Bref, cela suggère la possibilité de regrouper ces fonctions en trois catégories plus larges représentant des enjeux liés à l’évitement (sécurité et évitement), au besoin d’affiliation (confiance, prise en charge et communication) et au narcissisme (mort- puissance-identité).

Malgré l’intérêt clinique suscité par ces regroupements de fonctions représentant des enjeux psychologiques plus larges de la maladie, la faible valeur du KMO issue de l’analyse factorielle ne permet pas de valider ces nouveaux regroupements. Toutefois, les résultats de l’analyse factorielle confirmatoire permette de penser qu’une étude plus poussée sur ces variables, qui impliquerait un plus grand nombre de participants, pourrait permettre de valider l’utilisation d’une telle catégorisation. À cet effet, il est suggéré de recourir à un échantillon d’un minimum de 100 participants et d'avoir un ratio de 10 sujets par variable insérée dans l'analyse (Hair & al., 1998). Également, l’ANOVA en lien avec l’analyse factorielle n’a pas permis de trouver de différence significative entre les groupes. Il arrive que ces catégories de fonction nouvellement regroupées montrent des profils

symptomatologiques opposés. Par exemple, la fonction mort suggère la présence de symptômes dépressifs et anxieux les plus sévères de l’échantillon (M = 45.60 et 33.60)

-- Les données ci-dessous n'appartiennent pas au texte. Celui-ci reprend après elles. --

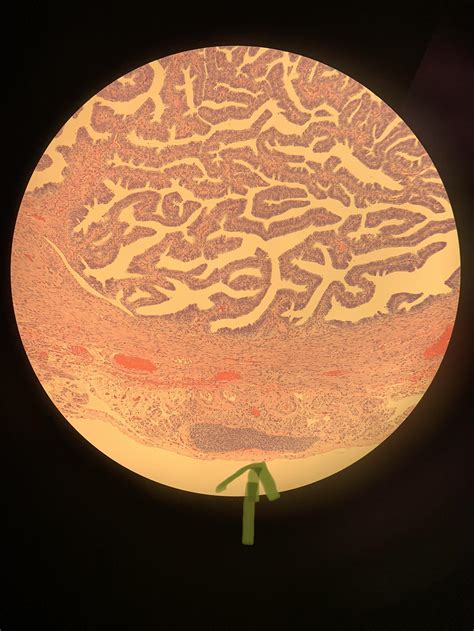 Image result for Fallopian Tube Replacement Surgery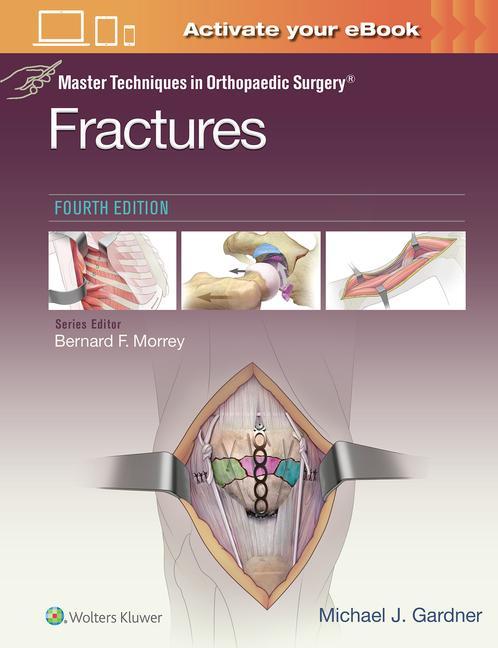 Kniha Master Techniques in Orthopaedic Surgery: Fractures Michael Gardner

comparativement à la fonction puissance qui est l’une des fonctions montrant les symptômes cliniques les moins sévères (M = 24.70 et 15.10). C’est ainsi que, bien que les

nouvelles catégories formées par cette analyse soient représentées par davantage de participantes que pour les huit fonctions de départ, aucune différence significative n’a été répertoriée entre les groupes quant à la sévérité des symptômes et la motivation au traitement. Il serait intéressant d’étudier ce lien plus en profondeur.